I am not sure how to go about showing this: $\sum ^{n}_{i=1}\sum ^{i}_{j=1}i-j$ = $\dfrac {1}{6}n\left( n-1\right) \left( n+1\right) $
It is a bit like the formula for $\sum ^{n}_{i=1}i^{2}$
and this $\sum_{i=1}^n \sum_{j=1}^i \frac{i-j}{nm} + \sum_{i=1}^{n} \sum_{j=i}^m \frac{j-i}{nm} = \frac{2 n^2 - 3 n m + 3 m^2 - 2}{6m}$
As I really do not know how to proceed.
First
$$\sum_{j=1}^i (i-j)=\sum_{j=1}^i i-\sum_{j=1}^i j=i^2-\frac{i(i+1)}{2}=\frac{i^2}{2}-\frac{i}{2}$$
Thus
$$\sum_{i=1}^n\left(\sum_{j=1}^i (i-j)\right)=\frac12\sum_{i=1}^ni^2-\frac12\sum_{i=1}^ni\\=\frac{n(n+1)(2n+1)}{12}-\frac{n(n+1)}{4}=\frac{2n^3+3n^2+n-3n^2-3n}{12}\\=\frac{2n^3-2n}{12}=\frac{n(n-1)(n+1)}{6}$$
Here I used the fact, proved here, that
$$\sum_{i=1}^ni^2=\frac{n(n+1)(2n+1)}{6}$$
$$\begin{align} \sum_{i=1}^n\sum_{j=1}^i(i-j) &=\sum_{i=1}^n\sum_{k=0}^{i-1} k &&\scriptsize (k=i-j)\\ &=\sum_{i=1}^n \binom i2\\ &=\binom {n+1}3\\ &=\frac 16 (n-1)n(n+1) \qquad\blacksquare \end{align}$$
I would suggest an inductive proof to that identity.
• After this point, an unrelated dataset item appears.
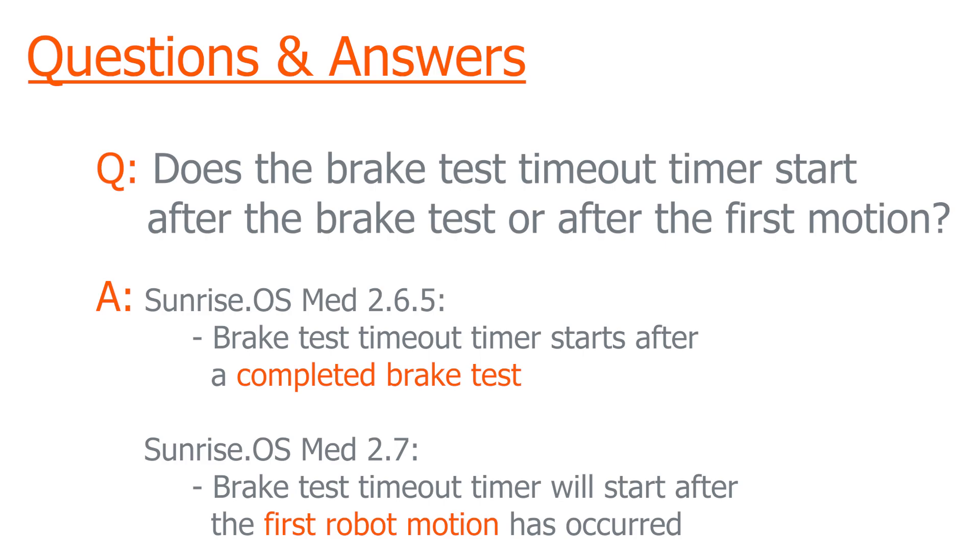However, in the future release of Sunrise OS Med 2.7, this feature is scheduled to change such that the brake test timeout timer will actually start right after the first motion has occurred. This will help hospitals in the pre-op so that when they start up the robot and then the robot sits for a half an hour to an hour before the operation starts, this will allow the robot to have a little bit more flexibility in when the brake test will be due because the timeout timer will not have been started until the procedures actually began.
Assume the induction hipotesis $$ \sum^{n}_{i=1}\sum^{i}_{j=1}i-j= \dfrac{1}{6}n\left( n-1\right) \left( n+1\right). $$ It's easy to verify identity for $n=1$, $n=2$ and $n=3$. Consider the scheme. $$ \begin{array}{rl} \sum^{n}_{i=1}\sum^{i}_{j=1}i-j=&0 \\ +&0+1 \\ +&0+1+2 \\ +&0+1+2+3 \\ +&0+1+2+3+4 \\ &\vdots \;\;\;\,\vdots \;\;\;\,\vdots \;\;\;\, \vdots \;\;\;\, \vdots \;\;\;\, \ddots \\ +&0+1+2+3+4+\cdots +i \\ &\vdots \;\;\;\,\vdots \;\;\;\,\vdots \;\;\;\, \vdots \;\;\;\,\vdots \;\;\;\, \quad \;\;\;\, \vdots \;\;\;\,\ddots \\ +&0+1+2+3+4+\cdots +i+\cdots+(n-1) \end{array} $$ Note by scheme that \begin{align} \sum^{n+1}_{i=1}\sum^{i}_{j=1}i-j &= \left[\sum^{n}_{i=1}\sum^{i}_{j=1}i-j\right]+\big[ 1+2+3+\ldots +n\big] \end{align} By induction hipotesis we have \begin{align} \sum^{n+1}_{i=1}\sum^{i}_{j=1}i-j &= \left[\dfrac{1}{6}\left( n-1\right)n\left( n+1\right)\right]+\big[ 1+2+3+\ldots +n\big] \end{align} And since we know that $\dfrac{1}{2}n(n+1)$ is the result of the sum $1+2+3+\ldots +n$ we have \begin{align} \sum^{n+1}_{i=1}\sum^{i}_{j=1}i-j &= \dfrac{1}{6}( n-1)n(n+1)+ \dfrac{1}{2}n(n+1) \\ &= \dfrac{1}{6}(n-1)n(n+1)+ \dfrac{3}{6}n(n+1) \\ &= \Big[(n-1)+ 3\Big]\dfrac{1}{6}n( n+1) \\ &= \dfrac{1}{6}n\cdot (n+1)(n+2) \\ &= \dfrac{1}{6}[\color{red}{(n+1)}-1]\cdot [\color{red}{(n+1)}][\color{red}{(n+1)}+1] \end{align}